* **Exercise goal**: Reproduce, from the lines below, exactly the stretch that begins at the line containing "Vintage KFC Colonel" and ends at the line containing "Round embroidery-style crest", both included.

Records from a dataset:
****************

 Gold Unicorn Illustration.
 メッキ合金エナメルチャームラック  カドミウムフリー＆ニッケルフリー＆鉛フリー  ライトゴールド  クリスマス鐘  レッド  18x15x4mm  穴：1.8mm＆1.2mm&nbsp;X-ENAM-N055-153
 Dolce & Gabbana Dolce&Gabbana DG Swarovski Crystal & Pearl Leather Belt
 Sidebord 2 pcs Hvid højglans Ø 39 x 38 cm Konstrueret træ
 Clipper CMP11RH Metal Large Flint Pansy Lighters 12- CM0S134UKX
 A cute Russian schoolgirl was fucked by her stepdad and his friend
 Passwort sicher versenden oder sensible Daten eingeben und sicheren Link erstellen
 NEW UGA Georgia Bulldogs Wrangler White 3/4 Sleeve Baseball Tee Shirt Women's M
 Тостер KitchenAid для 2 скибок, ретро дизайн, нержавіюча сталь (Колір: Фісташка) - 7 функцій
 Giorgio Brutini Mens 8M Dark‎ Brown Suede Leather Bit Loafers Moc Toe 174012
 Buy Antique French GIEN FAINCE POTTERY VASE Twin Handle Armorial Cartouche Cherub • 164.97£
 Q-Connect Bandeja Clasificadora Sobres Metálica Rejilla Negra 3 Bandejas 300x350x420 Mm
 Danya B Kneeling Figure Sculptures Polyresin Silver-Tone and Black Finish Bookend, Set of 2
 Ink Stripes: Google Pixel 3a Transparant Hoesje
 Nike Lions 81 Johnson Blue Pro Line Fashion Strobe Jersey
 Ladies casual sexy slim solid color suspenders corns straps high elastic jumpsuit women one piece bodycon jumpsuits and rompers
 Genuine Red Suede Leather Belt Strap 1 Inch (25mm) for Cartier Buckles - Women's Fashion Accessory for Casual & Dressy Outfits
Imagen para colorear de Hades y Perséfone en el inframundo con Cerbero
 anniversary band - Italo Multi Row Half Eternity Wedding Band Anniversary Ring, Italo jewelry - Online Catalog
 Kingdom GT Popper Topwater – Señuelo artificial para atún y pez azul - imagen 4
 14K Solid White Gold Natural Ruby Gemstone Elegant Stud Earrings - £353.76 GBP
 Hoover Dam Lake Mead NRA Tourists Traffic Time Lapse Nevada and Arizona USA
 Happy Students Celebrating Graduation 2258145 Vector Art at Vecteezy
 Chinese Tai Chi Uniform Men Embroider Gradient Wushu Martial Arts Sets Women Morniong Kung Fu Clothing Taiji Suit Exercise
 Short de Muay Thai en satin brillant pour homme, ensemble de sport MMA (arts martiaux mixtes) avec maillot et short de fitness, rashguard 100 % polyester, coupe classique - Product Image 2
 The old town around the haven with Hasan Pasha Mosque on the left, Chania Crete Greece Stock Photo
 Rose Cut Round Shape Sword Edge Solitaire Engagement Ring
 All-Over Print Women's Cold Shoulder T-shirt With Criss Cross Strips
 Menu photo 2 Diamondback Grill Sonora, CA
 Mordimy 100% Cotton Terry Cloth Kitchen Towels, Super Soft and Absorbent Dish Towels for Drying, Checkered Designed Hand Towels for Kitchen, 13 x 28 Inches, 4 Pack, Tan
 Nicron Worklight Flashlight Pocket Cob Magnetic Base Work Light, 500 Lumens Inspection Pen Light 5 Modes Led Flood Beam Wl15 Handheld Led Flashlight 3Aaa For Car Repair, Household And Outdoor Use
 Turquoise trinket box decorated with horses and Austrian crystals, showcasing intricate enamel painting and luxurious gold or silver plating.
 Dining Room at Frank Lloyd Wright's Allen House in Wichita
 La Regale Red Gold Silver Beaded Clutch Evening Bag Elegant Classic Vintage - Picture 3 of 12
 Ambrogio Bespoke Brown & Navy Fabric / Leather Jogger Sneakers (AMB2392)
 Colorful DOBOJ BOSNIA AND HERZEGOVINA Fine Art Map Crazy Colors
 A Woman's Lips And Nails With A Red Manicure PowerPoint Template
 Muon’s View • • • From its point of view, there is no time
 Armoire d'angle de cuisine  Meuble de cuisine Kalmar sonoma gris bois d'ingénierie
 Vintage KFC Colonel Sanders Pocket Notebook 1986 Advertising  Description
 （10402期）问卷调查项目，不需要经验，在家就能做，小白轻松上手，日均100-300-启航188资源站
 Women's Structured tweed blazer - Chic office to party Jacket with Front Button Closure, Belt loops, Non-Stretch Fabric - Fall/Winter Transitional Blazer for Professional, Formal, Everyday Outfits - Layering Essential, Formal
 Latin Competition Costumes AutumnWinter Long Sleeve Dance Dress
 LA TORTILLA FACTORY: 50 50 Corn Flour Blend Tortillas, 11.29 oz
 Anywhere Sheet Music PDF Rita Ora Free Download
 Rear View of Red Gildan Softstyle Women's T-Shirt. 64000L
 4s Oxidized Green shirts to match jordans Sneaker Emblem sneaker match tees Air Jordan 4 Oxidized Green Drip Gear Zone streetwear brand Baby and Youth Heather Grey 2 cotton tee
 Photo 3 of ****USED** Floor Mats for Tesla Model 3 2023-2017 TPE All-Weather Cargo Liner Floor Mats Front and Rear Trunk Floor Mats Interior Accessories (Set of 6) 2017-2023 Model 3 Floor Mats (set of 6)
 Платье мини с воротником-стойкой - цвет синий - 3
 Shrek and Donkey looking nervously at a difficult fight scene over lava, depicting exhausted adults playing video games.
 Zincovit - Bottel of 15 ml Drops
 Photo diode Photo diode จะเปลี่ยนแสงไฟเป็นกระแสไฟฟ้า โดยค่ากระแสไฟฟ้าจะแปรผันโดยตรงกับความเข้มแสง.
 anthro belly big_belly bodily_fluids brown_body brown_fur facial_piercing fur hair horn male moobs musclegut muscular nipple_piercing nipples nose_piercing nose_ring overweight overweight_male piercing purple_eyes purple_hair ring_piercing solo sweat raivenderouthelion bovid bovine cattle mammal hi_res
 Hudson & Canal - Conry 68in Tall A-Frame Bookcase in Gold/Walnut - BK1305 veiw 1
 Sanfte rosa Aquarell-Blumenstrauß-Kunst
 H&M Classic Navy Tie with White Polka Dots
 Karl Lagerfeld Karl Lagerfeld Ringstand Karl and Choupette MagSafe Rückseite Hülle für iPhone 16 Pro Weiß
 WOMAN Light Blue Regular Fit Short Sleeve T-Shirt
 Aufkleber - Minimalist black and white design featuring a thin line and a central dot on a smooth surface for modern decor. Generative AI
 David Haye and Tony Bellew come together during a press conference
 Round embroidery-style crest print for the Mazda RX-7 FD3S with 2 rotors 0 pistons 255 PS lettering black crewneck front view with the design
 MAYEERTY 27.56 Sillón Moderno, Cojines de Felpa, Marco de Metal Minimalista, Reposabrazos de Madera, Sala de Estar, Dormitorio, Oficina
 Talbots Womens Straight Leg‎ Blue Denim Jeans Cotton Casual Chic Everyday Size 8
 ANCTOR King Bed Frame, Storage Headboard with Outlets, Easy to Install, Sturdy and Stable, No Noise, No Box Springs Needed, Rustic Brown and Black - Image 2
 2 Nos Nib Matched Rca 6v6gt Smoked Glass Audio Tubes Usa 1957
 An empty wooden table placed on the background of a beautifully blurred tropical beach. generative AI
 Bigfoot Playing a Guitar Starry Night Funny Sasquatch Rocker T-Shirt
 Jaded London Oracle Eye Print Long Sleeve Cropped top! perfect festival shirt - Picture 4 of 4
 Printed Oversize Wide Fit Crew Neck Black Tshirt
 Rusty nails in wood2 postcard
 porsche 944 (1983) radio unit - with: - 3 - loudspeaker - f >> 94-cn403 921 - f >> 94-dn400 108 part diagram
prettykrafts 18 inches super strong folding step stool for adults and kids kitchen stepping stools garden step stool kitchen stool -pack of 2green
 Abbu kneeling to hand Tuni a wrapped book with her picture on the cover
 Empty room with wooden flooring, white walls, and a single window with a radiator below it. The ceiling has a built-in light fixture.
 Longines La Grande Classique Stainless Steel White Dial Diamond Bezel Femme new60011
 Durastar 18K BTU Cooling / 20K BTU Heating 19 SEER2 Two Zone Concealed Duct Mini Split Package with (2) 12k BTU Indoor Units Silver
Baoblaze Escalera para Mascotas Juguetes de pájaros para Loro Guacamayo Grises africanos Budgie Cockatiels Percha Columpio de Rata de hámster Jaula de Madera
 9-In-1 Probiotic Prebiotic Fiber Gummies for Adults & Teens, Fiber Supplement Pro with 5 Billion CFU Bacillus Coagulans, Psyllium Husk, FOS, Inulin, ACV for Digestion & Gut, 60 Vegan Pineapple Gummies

****************

* **Output**:
 Vintage KFC Colonel Sanders Pocket Notebook 1986 Advertising  Description
 （10402期）问卷调查项目，不需要经验，在家就能做，小白轻松上手，日均100-300-启航188资源站
 Women's Structured tweed blazer - Chic office to party Jacket with Front Button Closure, Belt loops, Non-Stretch Fabric - Fall/Winter Transitional Blazer for Professional, Formal, Everyday Outfits - Layering Essential, Formal
 Latin Competition Costumes AutumnWinter Long Sleeve Dance Dress
 LA TORTILLA FACTORY: 50 50 Corn Flour Blend Tortillas, 11.29 oz
 Anywhere Sheet Music PDF Rita Ora Free Download
 Rear View of Red Gildan Softstyle Women's T-Shirt. 64000L
 4s Oxidized Green shirts to match jordans Sneaker Emblem sneaker match tees Air Jordan 4 Oxidized Green Drip Gear Zone streetwear brand Baby and Youth Heather Grey 2 cotton tee
 Photo 3 of ****USED** Floor Mats for Tesla Model 3 2023-2017 TPE All-Weather Cargo Liner Floor Mats Front and Rear Trunk Floor Mats Interior Accessories (Set of 6) 2017-2023 Model 3 Floor Mats (set of 6)
 Платье мини с воротником-стойкой - цвет синий - 3
 Shrek and Donkey looking nervously at a difficult fight scene over lava, depicting exhausted adults playing video games.
 Zincovit - Bottel of 15 ml Drops
 Photo diode Photo diode จะเปลี่ยนแสงไฟเป็นกระแสไฟฟ้า โดยค่ากระแสไฟฟ้าจะแปรผันโดยตรงกับความเข้มแสง.
 anthro belly big_belly bodily_fluids brown_body brown_fur facial_piercing fur hair horn male moobs musclegut muscular nipple_piercing nipples nose_piercing nose_ring overweight overweight_male piercing purple_eyes purple_hair ring_piercing solo sweat raivenderouthelion bovid bovine cattle mammal hi_res
 Hudson & Canal - Conry 68in Tall A-Frame Bookcase in Gold/Walnut - BK1305 veiw 1
 Sanfte rosa Aquarell-Blumenstrauß-Kunst
 H&M Classic Navy Tie with White Polka Dots
 Karl Lagerfeld Karl Lagerfeld Ringstand Karl and Choupette MagSafe Rückseite Hülle für iPhone 16 Pro Weiß
 WOMAN Light Blue Regular Fit Short Sleeve T-Shirt
 Aufkleber - Minimalist black and white design featuring a thin line and a central dot on a smooth surface for modern decor. Generative AI
 David Haye and Tony Bellew come together during a press conference
 Round embroidery-style crest print for the Mazda RX-7 FD3S with 2 rotors 0 pistons 255 PS lettering black crewneck front view with the design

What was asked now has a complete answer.